III, 36. Il sogg. di «vien» è «sofferire», che si rileva da quanto precede.

III, 77. La corr. «ria» (cd. «seria») è del Wiese, Archiv cit., CXVII, 217.

IV, 12-3. «acciocché, per la mia fermezza, fossi sicuro di non render vana la mia fatica».

IV, 20. «Io non credo — ciò che sarebbe offensivo — ».
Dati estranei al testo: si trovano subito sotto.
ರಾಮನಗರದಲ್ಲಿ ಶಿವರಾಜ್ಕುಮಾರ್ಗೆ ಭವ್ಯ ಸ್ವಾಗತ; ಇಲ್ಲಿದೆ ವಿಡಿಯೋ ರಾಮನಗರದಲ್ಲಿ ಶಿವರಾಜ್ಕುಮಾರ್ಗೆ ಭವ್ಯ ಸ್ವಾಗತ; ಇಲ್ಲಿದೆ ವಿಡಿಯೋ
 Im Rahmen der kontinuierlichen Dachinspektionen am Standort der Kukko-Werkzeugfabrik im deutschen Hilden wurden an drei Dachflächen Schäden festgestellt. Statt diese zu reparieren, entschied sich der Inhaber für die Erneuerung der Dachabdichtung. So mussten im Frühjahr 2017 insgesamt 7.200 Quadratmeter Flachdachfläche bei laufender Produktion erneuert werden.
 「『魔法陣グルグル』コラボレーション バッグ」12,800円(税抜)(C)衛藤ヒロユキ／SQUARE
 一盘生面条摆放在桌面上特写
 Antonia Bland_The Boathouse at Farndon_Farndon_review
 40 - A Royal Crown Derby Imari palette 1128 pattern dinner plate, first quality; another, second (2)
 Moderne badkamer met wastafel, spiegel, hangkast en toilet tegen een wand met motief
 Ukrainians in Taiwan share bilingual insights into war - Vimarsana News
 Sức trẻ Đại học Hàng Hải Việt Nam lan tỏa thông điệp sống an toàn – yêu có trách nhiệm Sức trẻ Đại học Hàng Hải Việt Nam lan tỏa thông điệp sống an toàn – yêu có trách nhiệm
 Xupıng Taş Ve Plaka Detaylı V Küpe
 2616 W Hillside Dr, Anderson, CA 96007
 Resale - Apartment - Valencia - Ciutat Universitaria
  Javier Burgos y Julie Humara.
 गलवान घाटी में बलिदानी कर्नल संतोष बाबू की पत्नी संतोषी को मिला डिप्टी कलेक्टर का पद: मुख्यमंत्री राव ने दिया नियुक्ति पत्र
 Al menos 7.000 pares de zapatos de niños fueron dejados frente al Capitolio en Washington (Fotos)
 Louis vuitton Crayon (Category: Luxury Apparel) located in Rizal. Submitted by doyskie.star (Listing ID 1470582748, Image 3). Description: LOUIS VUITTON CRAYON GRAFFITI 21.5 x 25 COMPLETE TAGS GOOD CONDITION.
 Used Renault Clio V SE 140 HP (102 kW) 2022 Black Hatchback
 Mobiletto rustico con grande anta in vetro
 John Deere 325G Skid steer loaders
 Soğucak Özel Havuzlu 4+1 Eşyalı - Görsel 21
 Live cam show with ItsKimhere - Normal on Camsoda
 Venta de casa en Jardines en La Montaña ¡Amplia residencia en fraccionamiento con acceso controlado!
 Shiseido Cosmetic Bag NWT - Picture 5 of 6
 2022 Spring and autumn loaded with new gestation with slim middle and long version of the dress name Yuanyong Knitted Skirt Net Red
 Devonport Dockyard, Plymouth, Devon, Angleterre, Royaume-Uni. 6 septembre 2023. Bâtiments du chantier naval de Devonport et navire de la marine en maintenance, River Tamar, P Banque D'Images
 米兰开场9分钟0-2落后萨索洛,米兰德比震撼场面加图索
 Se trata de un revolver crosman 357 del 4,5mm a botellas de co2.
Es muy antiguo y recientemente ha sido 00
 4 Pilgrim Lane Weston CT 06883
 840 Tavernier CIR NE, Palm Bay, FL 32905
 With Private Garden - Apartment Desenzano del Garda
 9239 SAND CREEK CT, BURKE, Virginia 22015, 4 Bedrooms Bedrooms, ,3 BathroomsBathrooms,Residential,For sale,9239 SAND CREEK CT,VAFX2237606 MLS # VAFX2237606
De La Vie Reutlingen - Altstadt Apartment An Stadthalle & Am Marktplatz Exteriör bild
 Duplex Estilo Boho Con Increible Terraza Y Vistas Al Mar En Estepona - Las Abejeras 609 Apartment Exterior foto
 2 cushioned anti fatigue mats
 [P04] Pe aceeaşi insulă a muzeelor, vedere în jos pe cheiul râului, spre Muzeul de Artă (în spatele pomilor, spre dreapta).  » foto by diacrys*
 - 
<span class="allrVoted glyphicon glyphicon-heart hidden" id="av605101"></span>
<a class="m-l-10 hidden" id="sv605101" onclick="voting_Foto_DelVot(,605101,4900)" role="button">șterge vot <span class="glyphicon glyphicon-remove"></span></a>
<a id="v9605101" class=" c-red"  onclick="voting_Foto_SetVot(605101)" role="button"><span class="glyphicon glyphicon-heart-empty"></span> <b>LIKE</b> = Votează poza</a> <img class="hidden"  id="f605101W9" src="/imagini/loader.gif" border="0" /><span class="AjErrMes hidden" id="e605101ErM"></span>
V, 36-8. Per la correz., cfr. Rossi in Gior. st. d. l. it., XLIX, 382. Sulla lezione di questi e dei sgg. vv. riportata nella Poetica del Trissino da un cd., che forse era l'archetipo del Pal. 418, cfr. Massèra, Una ballata cit., pp. 2-3 dell'estr. Quanto al significato, «sua» del v. 36 si riferisce a «core» del v. 33.

VI. Riguardo allo schema metrico, ci pare di dover sostenere ancora quanto dicemmo ne I Rimatori lucchesi cit., pp. 111-2. Le proposte del Wiese, Archiv cit., CXVII, 218, ci allontanano troppo dai cdd. e non sembrano interamente accettabili.

VI, 12. Per aver la rimalmezzo, come nei vv. corrispondenti delle altre strofe, si ha da correggere il «tanto» dei cdd. in «tutto»?

VI, 19-20. «che amore non è diverso da vera perfezione».

VI, 53. «E quel che io dico mi sembra un dir nulla». Manca la rimalmezzo: la proposta del Wiese, Archiv cit., CXVII, 218 («mando») urta contro la lettura dei mss.

VII, 1-6. «Sperando da lungo tempo di trarre a mio vantaggio la contesa impegnata con la mia donna, la quale mi dá tal coraggio ch'io credo sovrastare ogni altro uomo, conoscenza, che proviene da obbedienza, mi consiglia a ben servire».